Requirement – Copy, exactly as written, the lines that begin at the one containing "GOLD MANTIS Magnetic" and end at the one containing "Pendant Lead-Free Zinc". Skip any pictures in the data below.

Excerpted records –
-- -- --

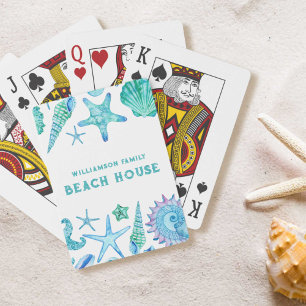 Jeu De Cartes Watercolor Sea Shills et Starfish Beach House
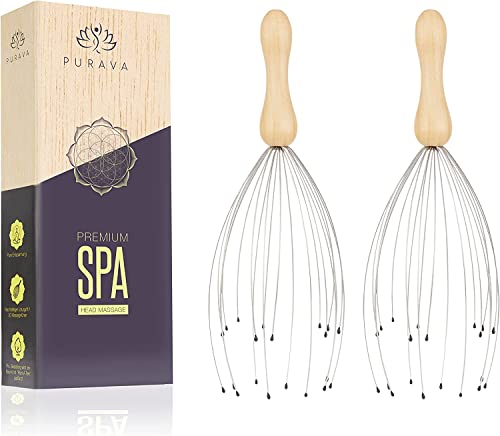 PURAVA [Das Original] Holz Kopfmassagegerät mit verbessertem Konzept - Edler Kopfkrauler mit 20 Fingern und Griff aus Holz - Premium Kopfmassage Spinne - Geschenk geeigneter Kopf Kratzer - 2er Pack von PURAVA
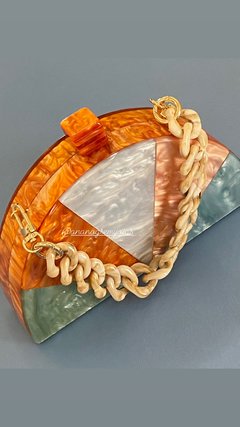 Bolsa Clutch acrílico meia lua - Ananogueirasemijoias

-- -- --

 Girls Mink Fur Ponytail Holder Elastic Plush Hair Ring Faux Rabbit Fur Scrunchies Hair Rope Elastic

-- -- --

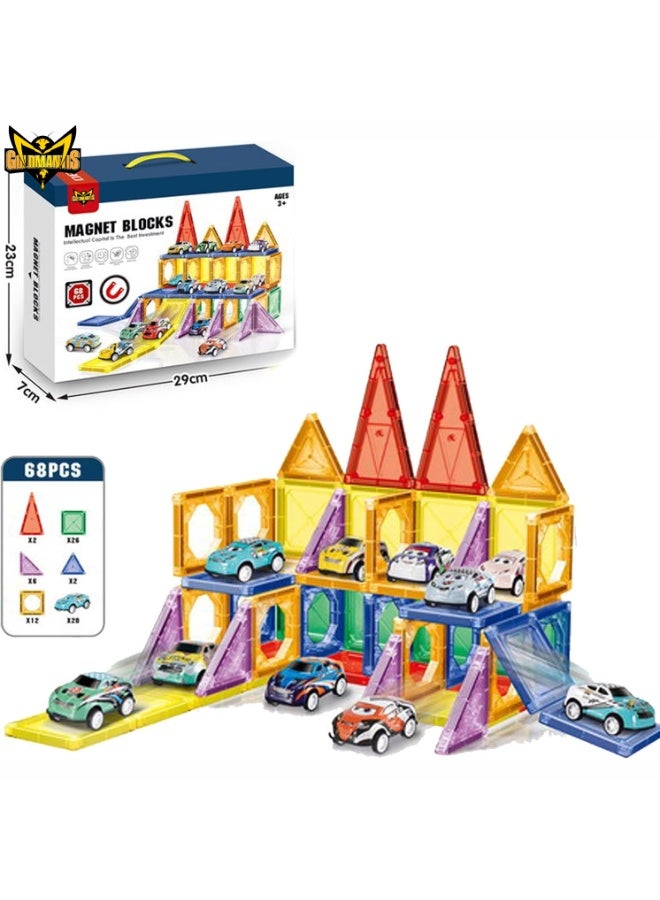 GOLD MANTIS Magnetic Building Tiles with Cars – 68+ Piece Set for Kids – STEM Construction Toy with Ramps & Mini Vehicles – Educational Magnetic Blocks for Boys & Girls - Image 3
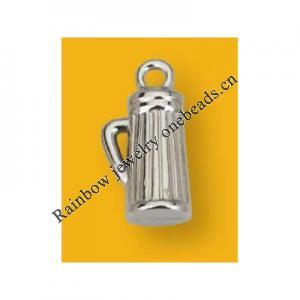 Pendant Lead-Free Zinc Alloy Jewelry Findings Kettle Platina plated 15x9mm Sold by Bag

-- -- --

Result below –
 GOLD MANTIS Magnetic Building Tiles with Cars – 68+ Piece Set for Kids – STEM Construction Toy with Ramps & Mini Vehicles – Educational Magnetic Blocks for Boys & Girls - Image 3
 Pendant Lead-Free Zinc Alloy Jewelry Findings Kettle Platina plated 15x9mm Sold by Bag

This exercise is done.